Question For those Hobbyist that has a 29 Gallon Tank and Dual 55/65 CF lightning:

What is your Lightning Regime, did you turning on the dual light 8-12 hrs.?


----------



## mrbelvedere138 (Jan 18, 2006)

When I had the 37 high light (same footprint, although not quite a 29 gallon), I had a Catalina 2x65 watt. The lights were on for 10-11 hours a day straight.


----------



## slickwillislim (Oct 11, 2005)

I have been a sissy lately and only used 1 bulb for 8hrs. Grows everything fine. Blyxa is slow.

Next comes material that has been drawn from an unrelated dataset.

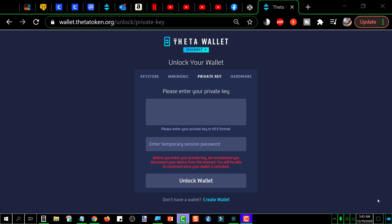In this video I'm going to address the issue of a temporary password when you're trying to open a Theta wallet, so stay tuned.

I actually swapped out the second bulb for a 10kk and a actinic bulb so I could use the 6700k on the little emersed setup I have. But I only do diy co2 on this tank. Makes life easier.


----------



## LindaC (Nov 7, 2005)

I have a Current 65 watt Dual Satelitte fixture, with one light being 6700k/10,000k and the other light being 50/50, half actinic and half sunpaq daylight 10,000k, but I usually only run the 6700k/10,000k for 10 hours a day. Some days when I get home from work, I turn on the other bulb and let it run for 2 hours. I'd like to add another full spectrum bulb but I'm afraid that I'll be over-run with algea problems under that much light, as I'm currently dealing with Green Dust Algae with only one bulb.


----------



## xcooperx (Jun 24, 2006)

Linda do you want to trade it for 1x65 watts Satellite or for 2x65 watts Coralife that has 1x55watts 6700k and 1 9325k bulb


----------